Carl Epstein groaned. Eschewing devices, he stretched his own wiry frame and tried to motivate himself to climb out of his sleeping environment. It was nearly ten A.M. He could remember very few times back during the twentieth century when he’d ever slept past seven. He was damned grateful to be alive, but even after five years he often felt like a chimp in physics class.
At first Epstein had noticed that almost everything about human existence was superior in this new world. His health was perfect. No allergies, never a headache or muscle pain, nothing ever itched, ever
ything worked flawlessly, from his hearing and eyesight to his bowels and digestion. He even had his hair back.
And the AIs had heartened him with speculations that the cellular-death clock might be defeated within a few years, and then there would no longer be death of any kind, except from freak accidents.

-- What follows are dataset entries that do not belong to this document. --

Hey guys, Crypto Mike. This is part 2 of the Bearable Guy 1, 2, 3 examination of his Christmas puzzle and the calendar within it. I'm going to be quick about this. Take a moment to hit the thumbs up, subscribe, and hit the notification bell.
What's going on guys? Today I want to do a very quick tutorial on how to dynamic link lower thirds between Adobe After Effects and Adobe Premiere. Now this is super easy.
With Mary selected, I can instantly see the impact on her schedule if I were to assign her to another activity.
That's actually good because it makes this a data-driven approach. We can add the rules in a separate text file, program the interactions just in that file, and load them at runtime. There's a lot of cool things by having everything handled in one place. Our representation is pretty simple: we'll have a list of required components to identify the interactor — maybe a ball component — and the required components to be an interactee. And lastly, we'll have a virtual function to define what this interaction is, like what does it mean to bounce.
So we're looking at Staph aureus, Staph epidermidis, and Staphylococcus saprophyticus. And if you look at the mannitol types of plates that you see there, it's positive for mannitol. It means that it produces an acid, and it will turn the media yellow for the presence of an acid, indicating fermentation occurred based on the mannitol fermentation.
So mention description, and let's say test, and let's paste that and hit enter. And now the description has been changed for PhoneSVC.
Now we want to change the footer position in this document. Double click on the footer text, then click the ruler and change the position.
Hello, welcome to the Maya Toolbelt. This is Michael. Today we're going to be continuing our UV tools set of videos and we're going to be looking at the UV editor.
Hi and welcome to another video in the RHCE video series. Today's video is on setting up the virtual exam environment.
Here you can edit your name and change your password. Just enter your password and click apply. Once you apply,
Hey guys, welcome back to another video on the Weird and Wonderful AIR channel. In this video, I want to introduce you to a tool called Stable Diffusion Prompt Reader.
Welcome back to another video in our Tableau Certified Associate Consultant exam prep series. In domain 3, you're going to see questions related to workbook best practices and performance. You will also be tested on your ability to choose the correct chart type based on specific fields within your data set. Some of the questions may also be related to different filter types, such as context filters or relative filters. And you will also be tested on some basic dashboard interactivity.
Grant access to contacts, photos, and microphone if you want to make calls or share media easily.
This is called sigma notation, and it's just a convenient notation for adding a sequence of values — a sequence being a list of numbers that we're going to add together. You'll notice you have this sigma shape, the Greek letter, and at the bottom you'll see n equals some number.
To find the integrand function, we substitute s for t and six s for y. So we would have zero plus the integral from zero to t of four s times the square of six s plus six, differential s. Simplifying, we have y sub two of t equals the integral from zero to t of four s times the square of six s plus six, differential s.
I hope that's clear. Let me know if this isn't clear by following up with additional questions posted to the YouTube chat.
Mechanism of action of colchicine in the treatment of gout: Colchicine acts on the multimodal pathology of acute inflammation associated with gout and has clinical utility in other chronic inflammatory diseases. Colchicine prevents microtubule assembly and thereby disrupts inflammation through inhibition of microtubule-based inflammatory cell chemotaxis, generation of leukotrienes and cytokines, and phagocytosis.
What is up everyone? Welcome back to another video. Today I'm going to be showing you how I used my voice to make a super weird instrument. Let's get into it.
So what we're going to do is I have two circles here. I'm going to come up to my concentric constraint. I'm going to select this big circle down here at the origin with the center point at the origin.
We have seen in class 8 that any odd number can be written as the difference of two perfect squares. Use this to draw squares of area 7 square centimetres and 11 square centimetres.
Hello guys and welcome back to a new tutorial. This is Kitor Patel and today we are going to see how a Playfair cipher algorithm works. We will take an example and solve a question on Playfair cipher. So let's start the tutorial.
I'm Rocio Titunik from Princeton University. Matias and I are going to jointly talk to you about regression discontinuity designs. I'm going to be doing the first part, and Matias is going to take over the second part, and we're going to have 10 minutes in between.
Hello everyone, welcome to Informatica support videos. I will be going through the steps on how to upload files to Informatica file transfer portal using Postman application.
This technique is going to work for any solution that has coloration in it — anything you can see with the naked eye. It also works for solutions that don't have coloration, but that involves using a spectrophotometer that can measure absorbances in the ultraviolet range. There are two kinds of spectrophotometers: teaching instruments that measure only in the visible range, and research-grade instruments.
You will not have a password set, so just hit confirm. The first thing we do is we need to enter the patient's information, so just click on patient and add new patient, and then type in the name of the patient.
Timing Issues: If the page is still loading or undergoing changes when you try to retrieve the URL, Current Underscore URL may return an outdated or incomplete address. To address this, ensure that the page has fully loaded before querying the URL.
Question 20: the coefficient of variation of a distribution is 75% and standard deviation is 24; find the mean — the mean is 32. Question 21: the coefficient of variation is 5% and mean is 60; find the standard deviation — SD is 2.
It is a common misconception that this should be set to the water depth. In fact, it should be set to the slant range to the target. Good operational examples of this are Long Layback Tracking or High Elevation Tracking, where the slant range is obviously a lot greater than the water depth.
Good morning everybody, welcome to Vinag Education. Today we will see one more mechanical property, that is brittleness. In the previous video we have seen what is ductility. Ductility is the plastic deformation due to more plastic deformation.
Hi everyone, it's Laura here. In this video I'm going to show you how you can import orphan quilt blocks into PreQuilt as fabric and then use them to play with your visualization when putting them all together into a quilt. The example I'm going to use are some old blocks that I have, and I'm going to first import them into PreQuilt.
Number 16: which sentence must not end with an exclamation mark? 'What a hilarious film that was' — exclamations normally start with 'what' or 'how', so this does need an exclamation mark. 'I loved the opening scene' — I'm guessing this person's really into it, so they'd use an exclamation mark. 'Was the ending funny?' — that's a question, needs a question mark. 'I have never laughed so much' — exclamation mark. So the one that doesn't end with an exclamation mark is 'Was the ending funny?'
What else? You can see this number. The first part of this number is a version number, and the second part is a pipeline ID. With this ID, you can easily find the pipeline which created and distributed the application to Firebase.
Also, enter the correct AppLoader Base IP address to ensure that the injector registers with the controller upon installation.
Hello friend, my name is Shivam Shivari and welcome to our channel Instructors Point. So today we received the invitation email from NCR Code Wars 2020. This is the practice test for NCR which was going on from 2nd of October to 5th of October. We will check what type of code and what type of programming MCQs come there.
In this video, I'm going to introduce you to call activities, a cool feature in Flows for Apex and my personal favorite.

Food tasted better, too, and he could consume as much of it as he desired without gaining unwanted weight. Even the weather was always pleasant. Every spot inhabited by humans seemed clean and cheerful; pleasing to eyes and ears and nostrils.
Of course he was alone, without family or presuspension friends. But he’d always been alone, so that was not as much a problem for him as for most newly revived, long-term suspendees.
He’d heard all the stories, of course: pre-2015 suspendees, upon learning of the permanent deaths or subsequent remarriages of loved ones, who immediately, though seldom successfully, attempted to end their own lives. Others who’d tried to find their way in this new world, but gave up too soon, sliding into hopeless VR addiction. Many such addicts sought neuro-pharmacological help, which was becoming more effective, but there remained certain questions of identity preservation.
When they’d first begun to appear, society regarded “lone long-termers” like Epstein as a curious combination of toddler and ancient. Once the novelty wore off, these wide-eyed, gawking Methuselahs were viewed by most with a sort of indulgent amusement.
There was sanctuary in similarity, so LLTs tended to congregate. But Carl Epstein avoided his peers as if they might rob him—steal his humanity.
To Epstein, the AIs were much better company. The marvelous things had facts, knowledge, even ideas and stories, but no opinions; statistical probabilities, but no feelings about them; voice without song. They seemed like a second form of intelligent life: transcendent intelligence. And Carl Epstein loved them, even though they could never love him back.